1. username, password, security_token

from salesforce_bulkipy import SalesforceBulkipy
import ConfigParser

config = ConfigParser.RawConfigParser()
config.read('config.properties')

username = config.get('Section', 'username')
password = config.get('Section', 'password')
security_token = config.get('Section', 'security_token')

bulk = SalesforceBulkipy(username=username, password=password, security_token=security_token) #optional parameter: sandbox=True

# Authentication Successful!

2. session_id, host

from salesforce_bulkipy import SalesforceBulkipy
import ConfigParser

config = ConfigParser.RawConfigParser()
config.read('config.properties')

session_id = config.get('Section', 'session_id')
session_id = config.get('Section', 'session_id')

bulk = SalesforceBulkipy(session_id=session_id, host=host) #optional parameter: sandbox=True

# Authentication Successful!

Operations

The basic sequence for driving the Bulk API is:

  1. Create a new job

  2. Add one or more batches to the job

  3. Wait for each batch to finish

  4. Close the job

Bulk Insert, Update, Upsert, Delete

All Bulk upload operations work the same. You set the operation when you create the job. Then you submit one or more documents that specify records with columns to insert/update/delete.

For the upsert operation, we also need to specify some thing called the external_key which can be any attribute(preferably unique) of your custom Salesforce object. Every record to upsert is checked against this key in Salesforce. Say your external key is Id. Now for every record you are pushing, it is checked it you have a record with the same Id already. If yes, then it is updated else that record is created.

For the delete operation, you should only submit the Id for each record.

For efficiency you should use the post_bulk_batch method to post each batch of data. (Note that a batch can have a maximum 10,000 records and be 1GB in size.) You pass a generator or iterator into this function and it will stream data via POST to Salesforce. For help sending CSV formatted data you can use the salesforce_bulk.CsvDictsAdapter class. It takes an iterator returning dictionaries and returns an iterator which produces CSV data.

Concurrency mode: When creating the job, you can pass concurrency=Serial or concurrency=Parallel to set the concurrency mode for the job.

Bulk Insert Example

from salesforce_bulkipy import SalesforceBulkipy
from salesforce_bulkipy import CsvDictsAdapter

bulk = SalesforceBulkipy(username=username, password=password, security_token=security_token)

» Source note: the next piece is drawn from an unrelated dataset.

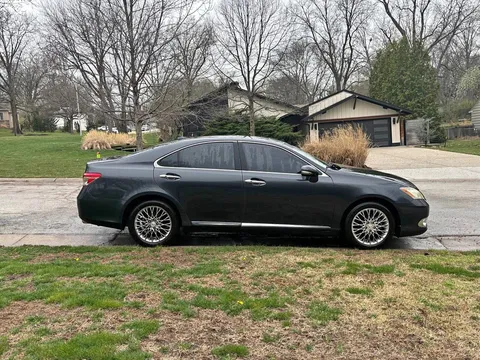 2010 Lexus ES 350 Sedan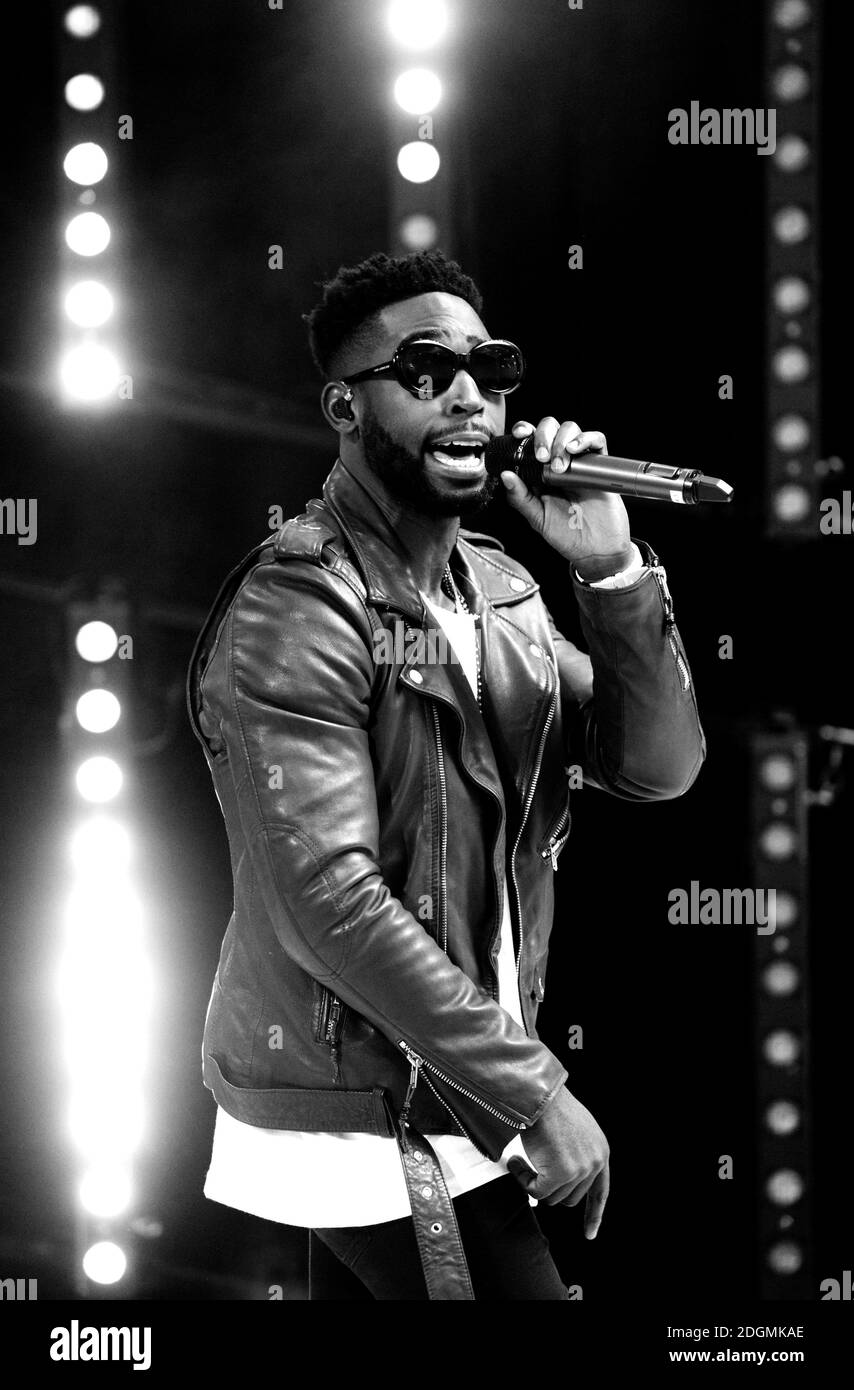 Tinie Tapah tritt bei einem geheimen Gig auf, um den 5. Geburtstag von Westfield Stratford, Westfield Stratford, London zu feiern. Bildnachweis sollte lauten: Doug Peters/EMPICS Entertainment Stockfoto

records_to_insert = [{}, {}]  # A list of A Custom Object dict

# Bulk Insert
job = bulk.create_insert_job("CustomObjectName", contentType='CSV')
csv_iter = CsvDictsAdapter(iter(records_to_insert))
batch = bulk.post_bulk_batch(job, csv_iter)
bulk.wait_for_batch(job, batch)
bulk.close_job(job)

Bulk Query Example

from salesforce_bulkipy import SalesforceBulkipy

bulk = SalesforceBulkipy(username=username, password=password, security_token=security_token)

records_to_insert = [{}, {}]  # A list of A Custom Object dict

# Bulk Query
query = '' # SOQL Query
job = bulk.create_query_job("Object_Name", contentType='CSV')
batch = bulk.query(job, query)
bulk.wait_for_batch(job, batch)
bulk.close_job(job)
# Result
results = bulk.get_batch_result_iter(job, batch, parse_csv=True)

Bulk Upsert Example

from salesforce_bulkipy import SalesforceBulkipy

bulk = SalesforceBulkipy(username=username, password=password, security_token=security_token)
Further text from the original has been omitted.